Kiyoshi Murota leads with surprising 66
LOUISVILLE, Ky. -- About the last person anyone expected to see atop the leaderboard at the Senior PGA Championship was Japan's Kiyoshi Murota.
And that includes Murota.
The 55-year-old golf teacher and touring pro surprised even himself by shooting a 6-under 66 on Thursday to overshadow stars such as Mark O'Meara and Tom Watson and grab the first-round lead in the weather-plagued senior major.
Senior PGA Championship Leaderboard
1. Murota (-6)
2. Dodds (-5)
3. O'Meara (-4)
T-4. Vaughan (-3)
T-4. Nielsen (-3)
• More scores
Play suspended because of darkness
Asked if he thought he came to the tournament thinking he might win it, Murota laughed and said through an interpreter, "Nothing. No chance."
So, think you can shoot another 66?
"No. No more," he said to laughter.
Murota had a one-shot lead over alternate Trevor Dodds, with former Masters and British Open winner O'Meara another stroke back after a 68. Watson, an eight-time major champion, shot a 70. Half the field was still on the course when darkness ended the first round. Most played fewer than nine holes.
Murota was the unlikeliest of leaders. He has six Japan Tour victories and five more on that country's version of the senior circuit.

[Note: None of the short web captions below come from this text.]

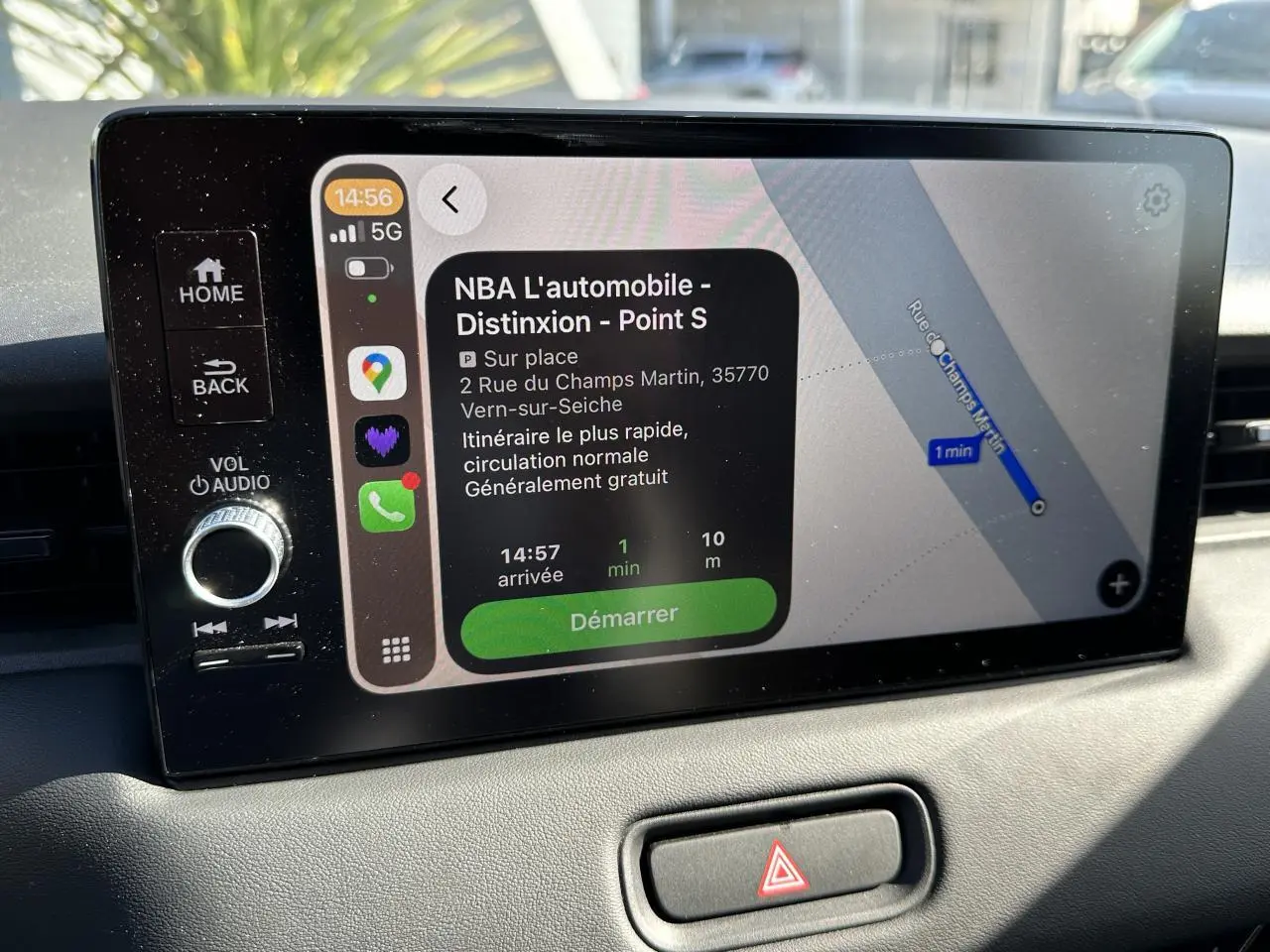 Écran tactile central du tableau de bord du Honda HR-V 2025 affichant un itinéraire GPS avec commandes audio à gauche.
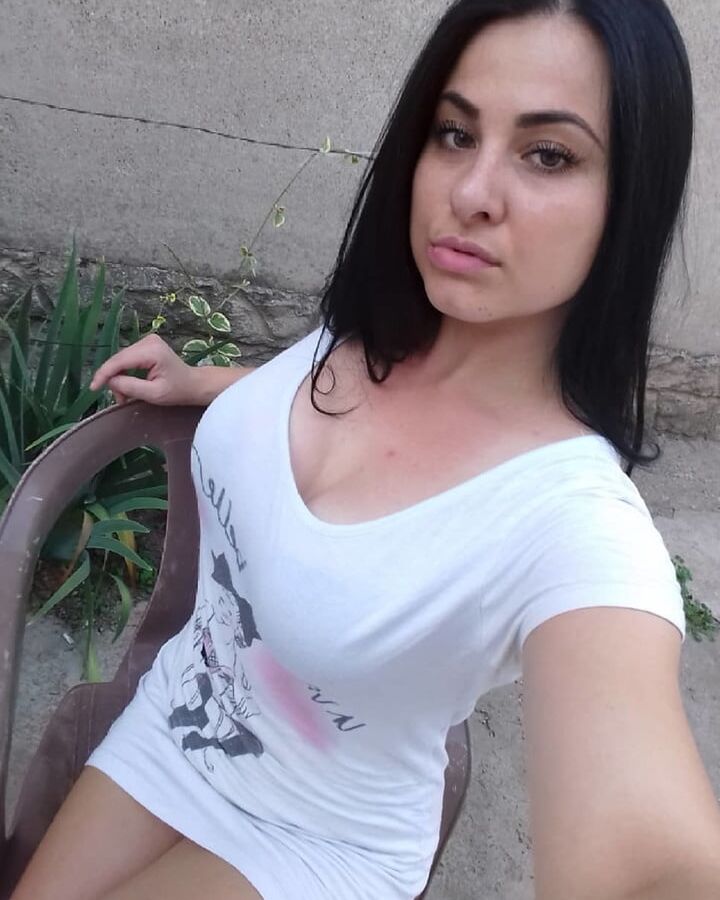 Serbian big tits slut Jovana Pantic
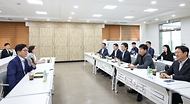 고광효 관세청장이 4일(화) CJ제일제당 인천공장을 방문해 업계의 애로사항을 청취하고 생활물가 안정을 위한 관세행정 상 지원방안을 논의하고 있다.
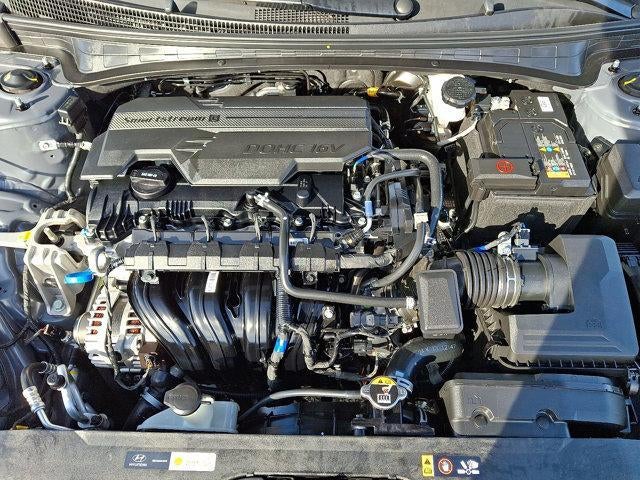 2025 Hyundai ELANTRA SEL Sport IVT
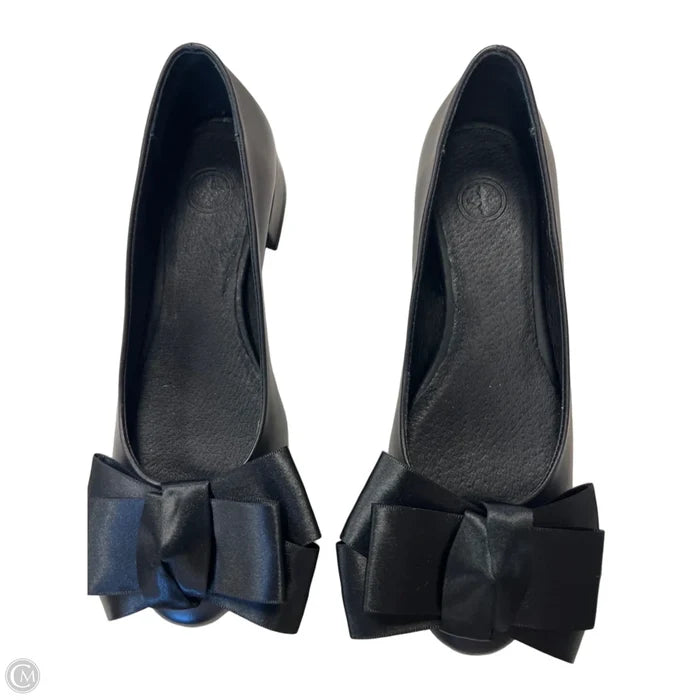 Shoes Flats By Clothes Mentor In Black, Size: 7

But he has not won on the international stage or on American soil.
In his four previous appearances in the Senior PGA Championship, his worst finish was a tie for 33rd in 2007 and his best a tie for 14th in 2006.
He was 1 under through eight holes before birdieing the next four. Even though he had eight one-putt greens in a span of nine holes, he said after the round that he is typically an average putter.
"I'm usually so-so," he said. "Only today good."
Accuracy was his greatest ally. He hit 10 fairways on a day when some of the game's top names found big problems when they strayed into the thick rough. Four times he hit into bunkers and he saved par each time.
When asked if he was surprised he was on top the leaderboard, he smiled and said, "Somebody has to be leading."
Dodds was fortunate to even get in the field. He was on the outside looking in until Tuesday when Joey Sindelar withdrew with a bad back.
The St. Louis resident, originally from Namibia, needed just 23 putts to fashion his 67. He chipped in at the par-4 12th, part of five birdies on his home half.
"The rain came at a good time," he said. "I had about a 15-footer on 10 and had a little bit of time to practice my putting. I holed it and it got me back in the game."
Hard storms hit the course on Wednesday night and again on Thursday morning. The start was delayed because of 1½ inches of rain overnight along with some wind damage. Murota, in the first group off the 10th tee, was halfway through his second nine when another powerful thunderstorm ripped through the area. It delayed play for 3 hours, 11 minutes.
O'Meara called the conditions "trying" but he avoided problems all day except for a bogey at the uphill, par-4 ninth hole. In eight seniors starts this year, he's had three top 10s and has been no worse than a tie for 14th.
"I felt like I kept my mental composure out there, hung in there, stayed in the game," O'Meara said. "The tough holes, I hit some good drives and when I hit a bad drive I was just off in the rough."
Watson, who won the 2001 Senior PGA, was at 70 along with Des Smyth and Massachusetts club pro Kirk Hanefeld. Nick Price, a two-time winner of the PGA Championship and also a former British Open champion, was at 2 under through nine holes when darkness came.
Watson was particularly pleased with his start.
"Two-under is a good score," he said. "It's not easy to play under wet conditions and to stop and start. It was a long day and you just had to be prepared for the second go-round, which I was."
John Cook and Bobby Clampett were at 71. At even par were Tom Kite and Corey Pavin, along with birthday-boy Steve Pate. Pate turned 50 on Thursday, just getting into the field in the 50-and-over event.